Le plan REPowerEU, annoncé par la Commission européenne en mai 2022 à la suite du déclanchement de la guerre en Ukraine, vise à renforcer plusieurs objectifs, en particulier en matière d’efficacité énergétique et de développement des énergies renouvelables, par rapport à ce que prévoit le paquet Fit for 55, et nécessitera que les négociations européennes sur ces objectifs se poursuivent.

L’ensemble de ces politiques européennes doit permettre d’accélérer la décarbonation de l’économie de l’UE à travers tous les secteurs et permettre aux Etats membres, y compris la France, d’atteindre leurs objectifs climatiques nationaux. 

Le contexte de la guerre en Ukraine

A la suite de l’attaque de l’Ukraine par la Russie, les 27 Etats membres de l’Union européenne ont pris un certain nombre de sanctions vis-à-vis de la Russie et ont cherché à réduire leurs importations d’hydrocarbures depuis ce pays. L’UE importe plus de 40% de sa consommation de gaz de Russie, et respectivement 25% et 20% de son pétrole brut et diesel. Elle a prononcé un embargo sur le pétrole russe d’ici la fin de l’année 2022. De son côté, la Russie a réduit ses approvisionnements en gaz à destination de l’UE. Pour y faire face, cette dernière a ainsi commencé à anticiper, dès le printemps 2022, une interruption totale des approvisionnements en gaz russe.
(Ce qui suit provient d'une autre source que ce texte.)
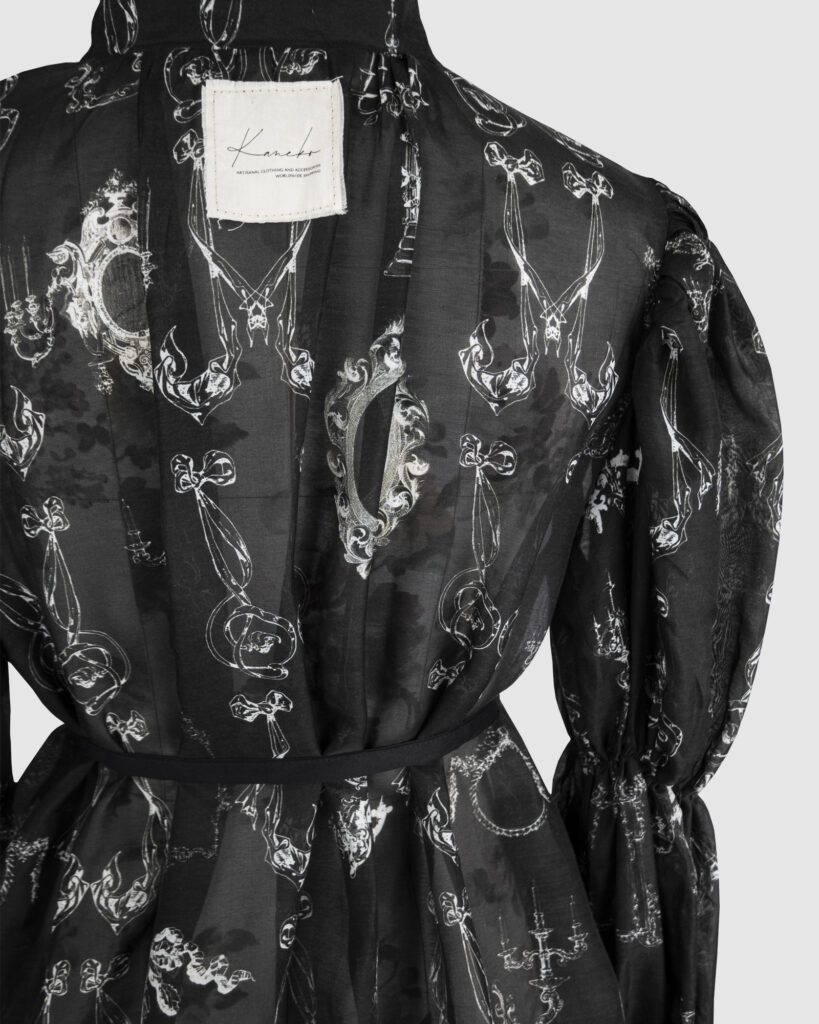 "Etude" collection pre-order 29.05.2025 - 12.06.2025 29 Blouse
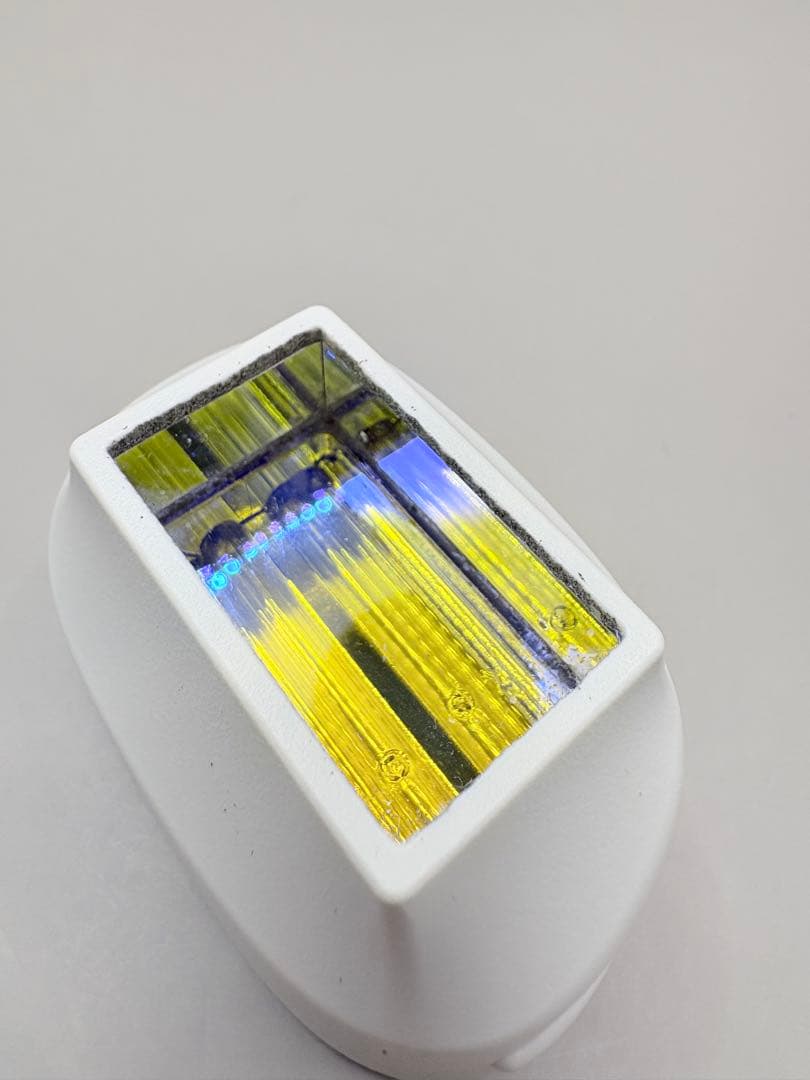 ケノン Ver.8.5 カートリッジ3点 ストロング スーパープレミアム 脱毛器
Le Conseil de l’Union européenne, présidé par la France puis la République Tchèque, a pris, sur proposition de la Commission européenne, une série de mesures pour faire face cette situation notamment :

  • mi-mars 2022 : connexion de l’Ukraine au système électrique européen ;
  • mai 2022 : accord sur le règlement européen sur le stockage minimal de gaz et présentation par la Commission du plan REPowerEU ;
  • juillet 2022 : accord des Etats membres sur une réduction volontaire de 15% de la demande de gaz naturel entre août 2022 et 31 mars 2023 pour renforcer la sécurité de l'approvisionnement en énergie de l'Union Européenne.

Plus spécifiquement, le plan REPowerEU, présenté le 18 mai 2022, qui vise à réduire rapidement la dépendance à l'égard des combustibles fossiles russes et à accélérer la transition écologique de l’UE, propose de :

  • renforcer les mesures à long terme visant l'efficacité énergétique, notamment en relevant de 9% à 13% l'objectif contraignant en matière d'efficacité énergétique prévu dans le paquet Fit for 55 entre 2020 et 2030 ;
  • porter de 40% à 45% l’objectif pour 2030 en matière d'énergies renouvelables prévu dans le paquet Fit for 55 ;
  • diversifier les approvisionnements via des achats communs volontaires de gaz, de gaz naturel liquéfié (GNL)  et d'hydrogène ;
  • réduire la consommation de combustibles fossiles dans l'industrie et les transports.